Plaintiff’s complaint, filed March 16, 1962, alleged he purchased household furniture costing about $5,508.00 from defendant Antoine’s, Inc., paying part down and executing and delivering a conditional sales contract. His complaint alleged he was a tenant of Dorset Apartments, Inc., and the furniture was delivered there. It is charged that some months later defendants Antoine’s, and Muscelli and Kearn-ey, its agents, filed replevin suits in the Court of defendant, Magistrate Goldfeder, a Justice of the Peace, and these writs were executed by defendant Berger.
The complaint charges that the defendants, other than Magistrate Goldfeder broke into plaintiff’s apartment in *154the Dorset and unlawfully removed designated property, while plaintiff was absent from the apartment. Plaintiff seeks compensatory and exemplary damages for the unlawful entry, and for the conversion and taking away of his property. He charged that Magistrate Goldfeder and Constable Berger were “guilty” of “abuse of judicial process” and that Dorset Apartments, Inc. had illegally evicted him from his apartment.

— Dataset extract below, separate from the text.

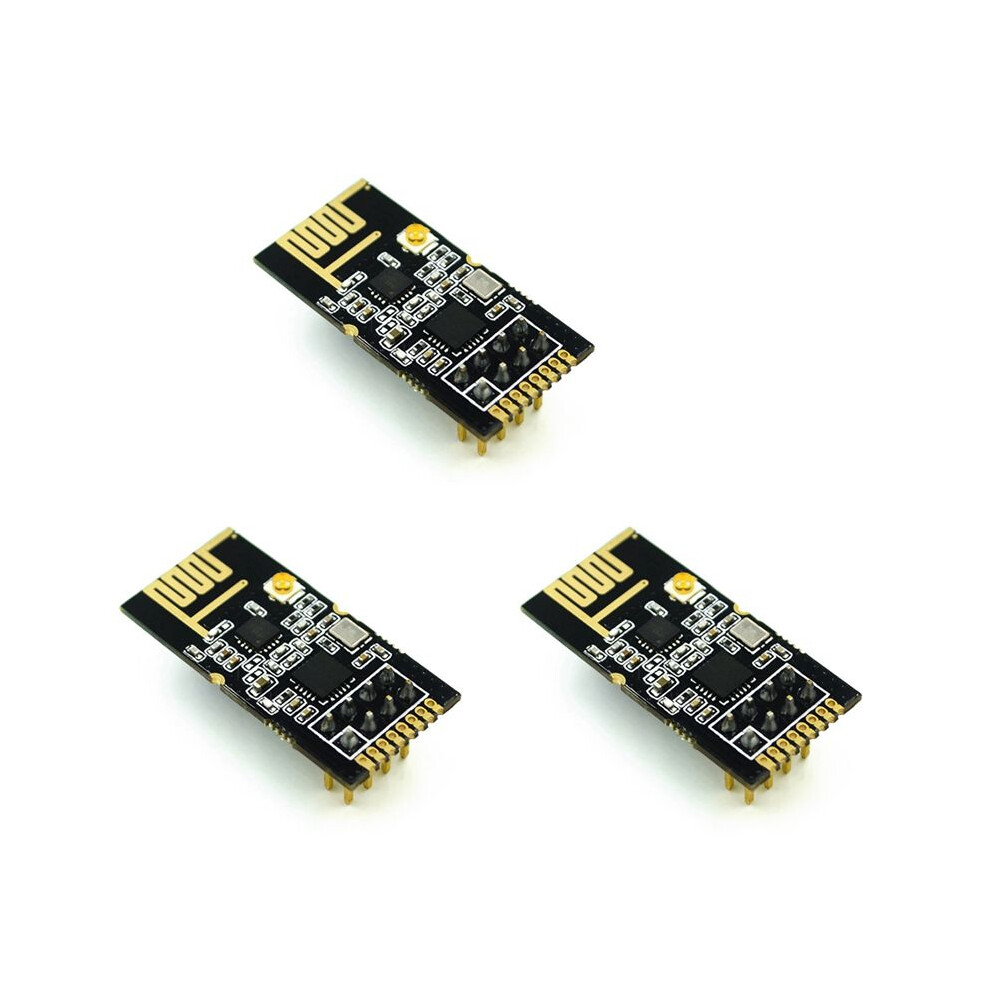 3X Nrf24l01+ 2.4G Wireless Data Transmission Module -24 2.4Ghz Nrf24l01+Pa+Lna 1100 Meters Wireless Module, Welding 6131641899495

The Dorset Apartments, Inc. filed answer and counterclaim, setting up a lease made with plaintiff and Richard L. Henry as “tenants” for three years, for a monthly rental of $270.00 and alleging that the rent was in default prior to the date plaintiff brought his suit on March 16, 1962.
The lease provided, inter alla, (¶3) that if the rent was not paid and lessees were in default “Lessor or his agent may enter the leased premises, by force or otherwise, without being liable for any prosecution or action therefor and may proceed to distrain for and collect the” rents due or the whole thereof. Paragraph 9 of this lease likewise provided that if Lessee “shall fail to comply with or violate any of the terms, conditions or covenants” of the lease it shall “* * * determine and become absolutely void without any right on part of Lessee to save the forfeiture * * *”. Later the Dorset Apartments moved for summary judgment.

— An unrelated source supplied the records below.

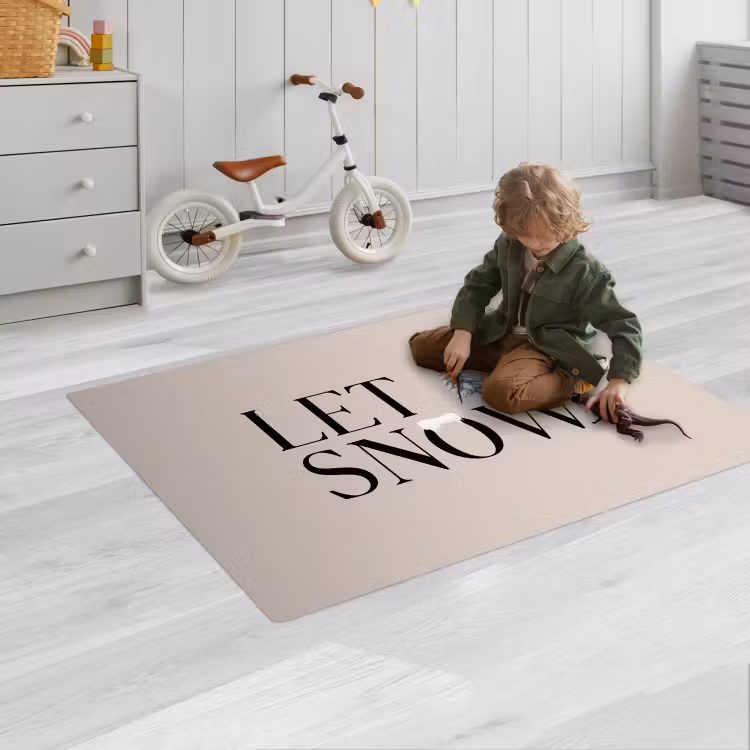 Spielmatte - Text – Weihnachten – Schnee — 2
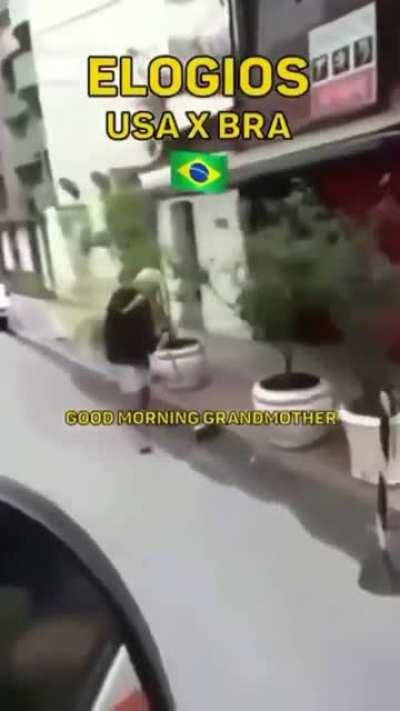 Esse vídeo animou a minha sexta-feira! Elogios EUA x Brasil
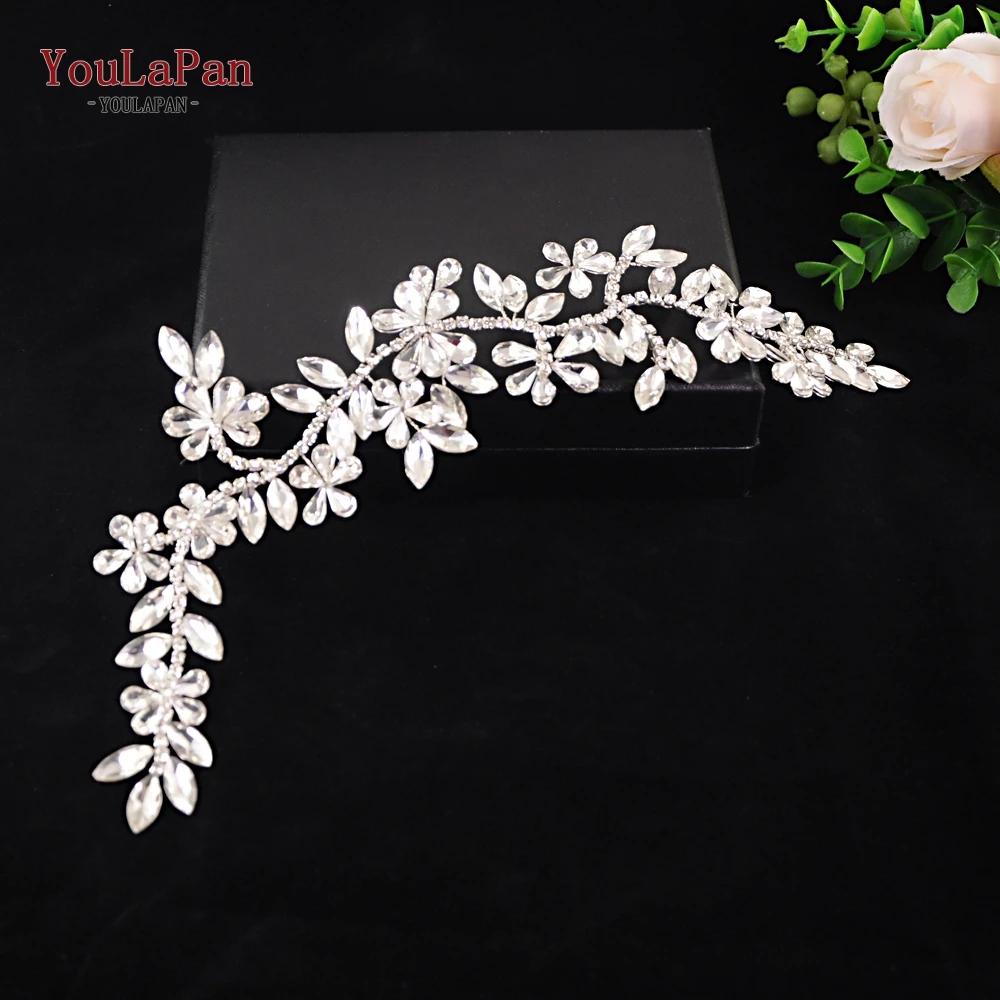 

YouLaPan HP239 wedding hair accessories rhinestone bridal headpiece tiara headband wedding hair vine crystal bridal headband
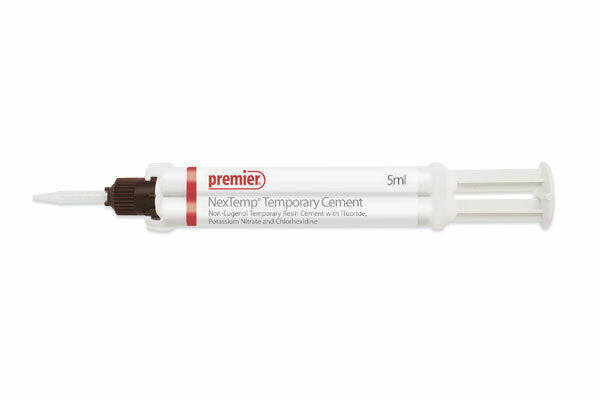 NexTemp Clear-Bulk 4x 5 ml Syringes. Non-Eugenol Temporary Cement. Resin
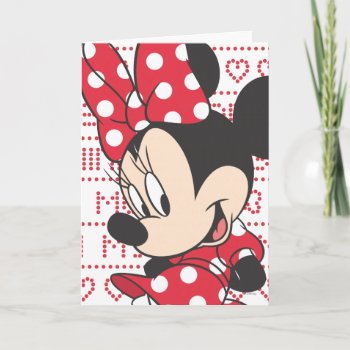Red Minnie | Cute Card by MickeyAndFriends at Zazzle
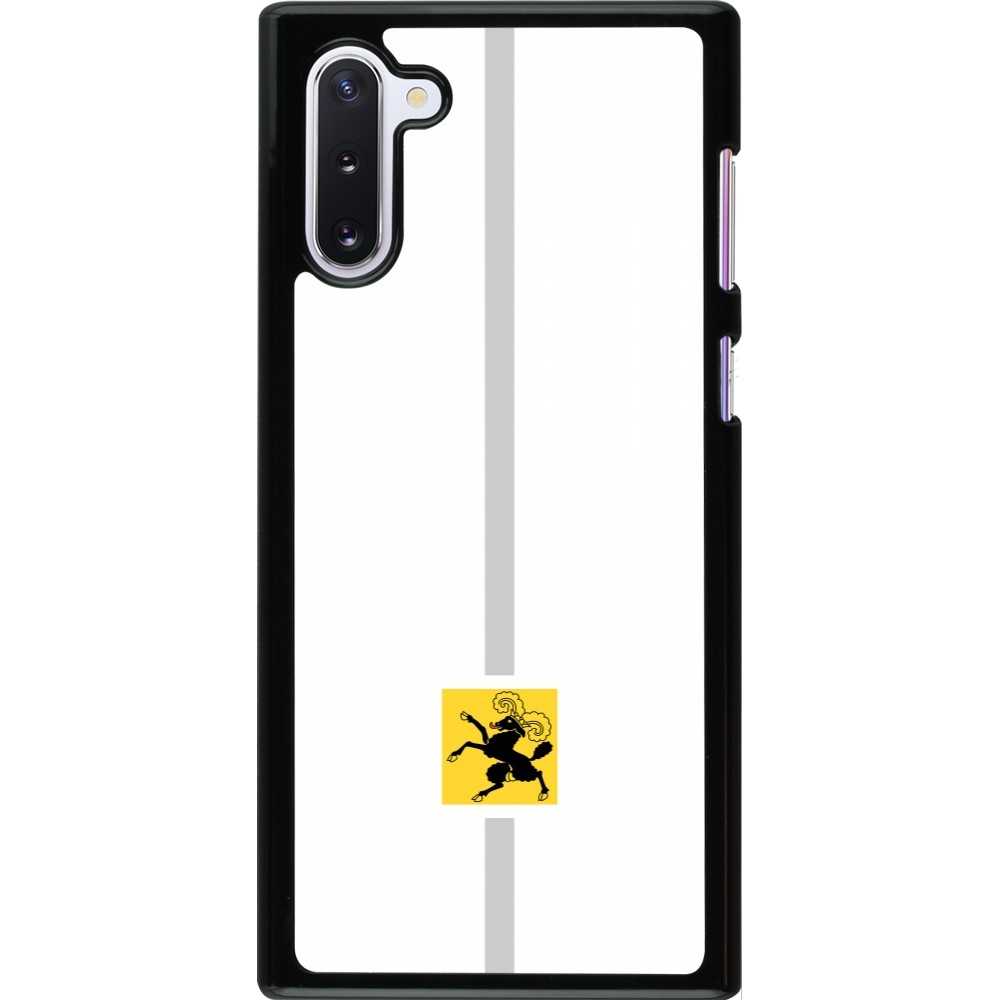 Samsung Galaxy Note 10 Case Hülle - Kanton SH weiss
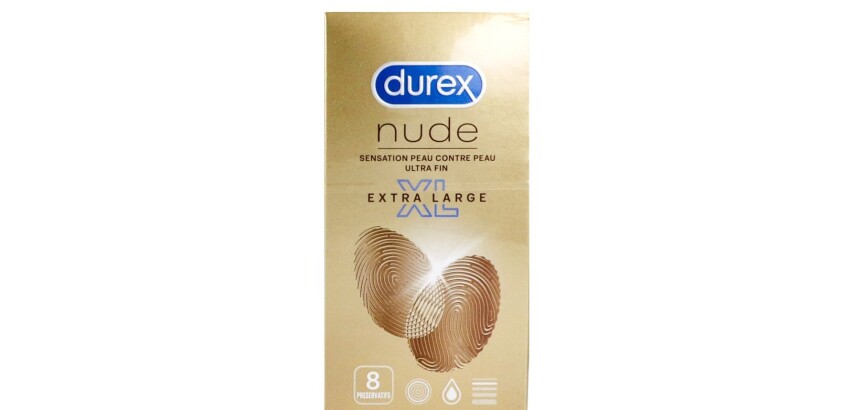 Condomen Durex nude xl 10 st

Defendants, Antoine’s, Inc., Muscelli and Kearney, filed answer, setting up they repossessed the articles of furniture listed in the complaint “pursuant to the conditional sales agreement”, contending, in a counter claim, that plaintiff after purchasing the furniture gave a check for $2,433.50, which Antoine’s, Inc. was never able to cash and to get the money called for thereunder, and this was in violation of the conditional sales agreement.
*155Defendants, Goldfeder and Berger, by the Attorney General, moved to- dismiss on the ground that complaint fails to state a claim upon which relief can be granted as to the named defendants.
The defendants, Dorset Apartments and Goldfeder and Berger, filed briefs in support of their motions. The case was orally argued on September 12, 1962, at which time the Court was asked to pass on objections to certain interrogatories. Plaintiff at that time asked for additional time within which to complete discovery. Since then no supplemental discovery has been shown to the Court and the docket is silent except for an entry of an order on October 5, 1962, when the Court, on motion of plaintiff, directed Antoine’s, Inc. to produce for plaintiff’s inspection its sales slips, sales memorandum ledger records and other records relating to- his account with Antoine’s, Inc.
At a conference with all counsel, held this Spring, plaintiff was advised the Court was impelled, in the interests of all the parties, to place a limitation on any request for further extension of time for completion of discovery. On the same occasion, attention was called to counsel for plaintiff to the terms of -the lease with Dorset, Inc., and counsel given time to amend his pleadings, to show why his co-lessee had not joined in the suit or otherwise explain failure to join Henry as a party to the action and plaintiff’s right to further maintain his suit.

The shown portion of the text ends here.